Two Poems by Fran Schumer

High Summer

I trudged through the day,
figured and refigured
plane routes, train routes
which buses to take
to see my aging parents.

My husband and our neighbor
would figure it out on the spot,
in the station, on the platform
bang bang it’s done — in situ
but I am not an in situ girl.

I plan
I worry.

Different parts of their bodies fail
lungs, livers, my father’s skin so delicate
it tears on the sheets at night.
Only their hearts keep beating
their ancient hearts
their faithful, ancient hearts
keep beating
keep loving us
keep us loving them.

Their kind doctors speak
in numbers, percentages, odds.

At dusk, I finish packing when I notice
the light, low and golden.
It’s high summer, early August
sunset still an hour off
the days warm and lasting.

Why not, I think, and carry my dinner
out to the deck where I listen
to the birds, the flap from the oven vent
tap tap-ing against the wall
watch the golden light
lick every leaf of oak and beech
until they glisten.
And I wonder
What did I ever do to deserve such happiness?

Ghost Writer

Who knew what a good job
it was for me who loved
to pretend I was someone else,
the only way
I knew to be myself.

They told me their stories
and I became a young lawyer
fired for marrying her boss;
an actress who gained and
lost and re-gained weight;
a thief; a bulimic; a druggie.

I slipped into their bodies
like ghosts in old movies,
cast spells to make them
heroes, victims, saints
and martyrs — and writers!

When we finished, I missed
them.

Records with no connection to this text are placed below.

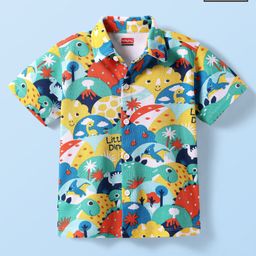 Babyhug Cotton Knit Half Sleeves Shirt with Dino Print - Green-image-58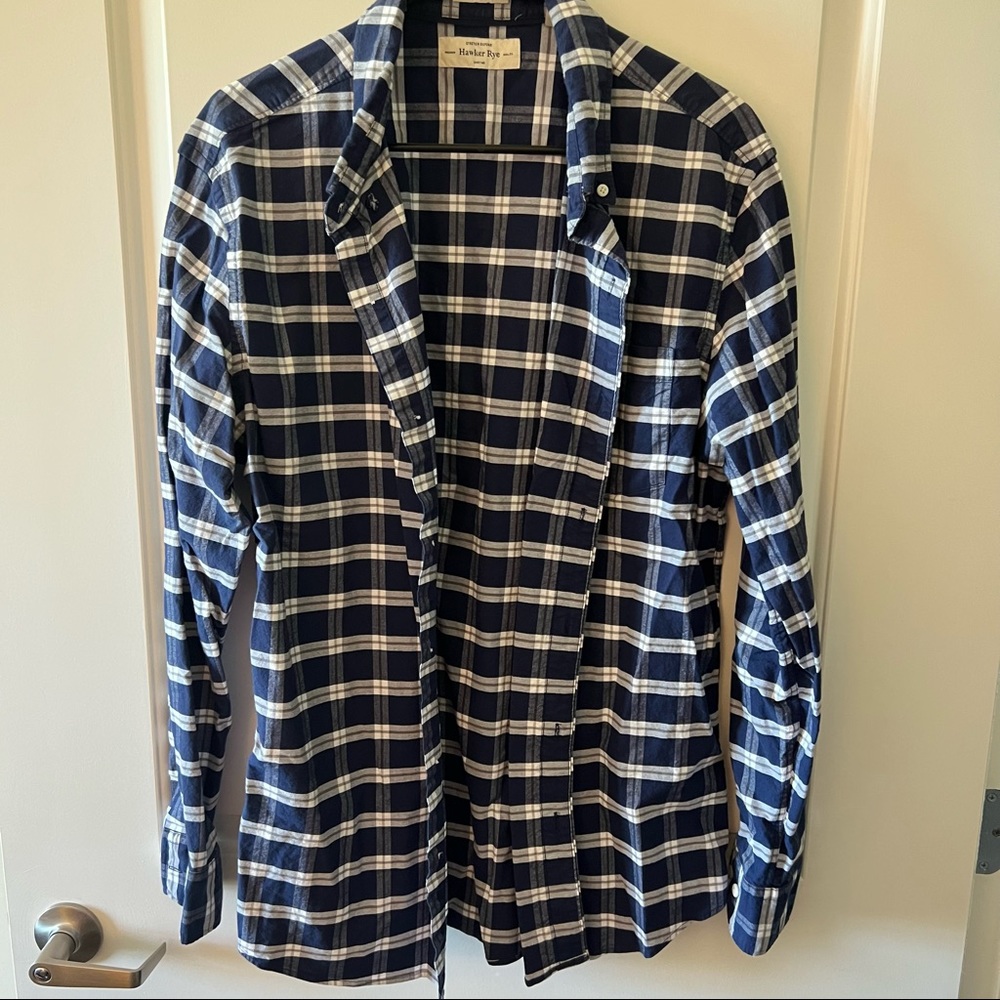 Hawker Rue button down navy plaid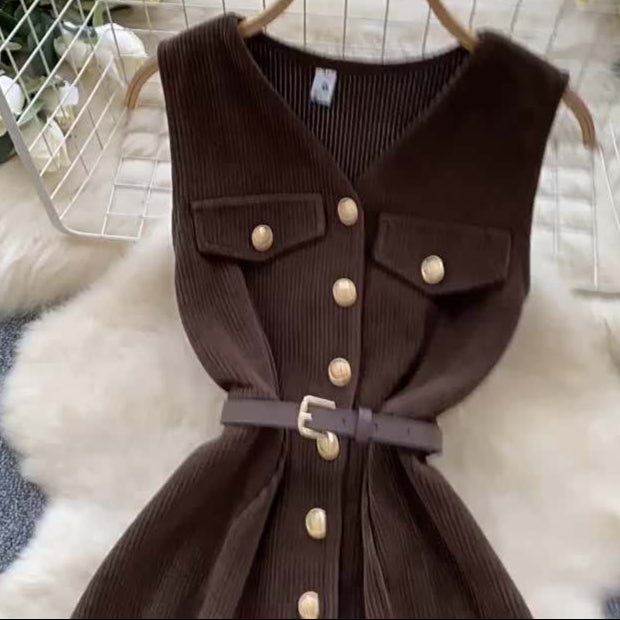 Autumn/winter Sleeveless Brown Casual Dress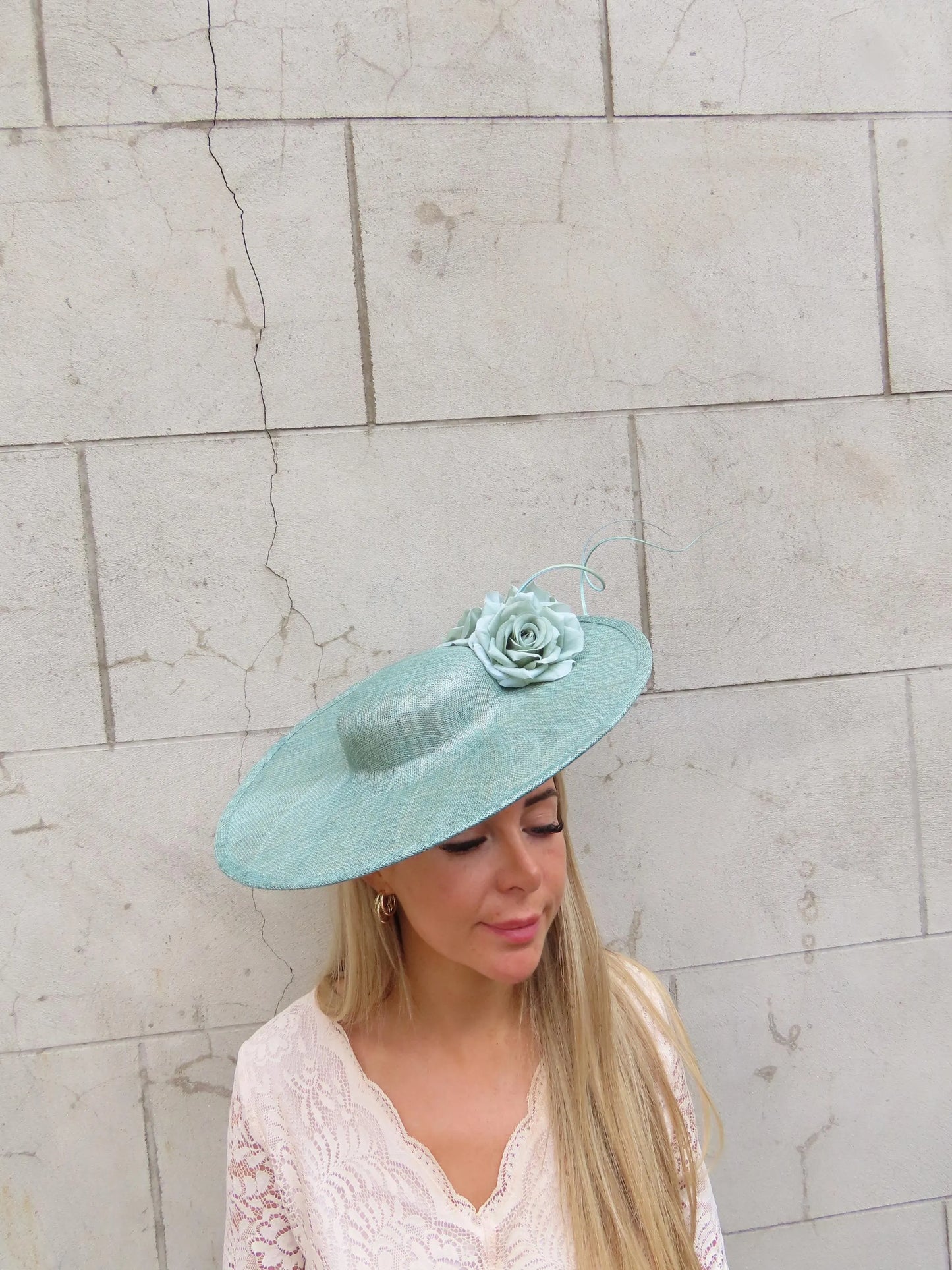 Large Sage Flower Boater Hatinator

But when I tried to
write my own book, the spirit
vanished. All that remained
was a ghost-white page.

Fran Schumer is a journalist and author. Her poetry has been published in The New Verse News, Hole In The Head Review, and Contrary. Another poem is forthcoming in Prospectus. In 2021, she won a second-place poetry fellowship from the Martha’s Vineyard Institute of Creative Writing. She majored in Social Studies at college but wishes she had spent the time studying Keats.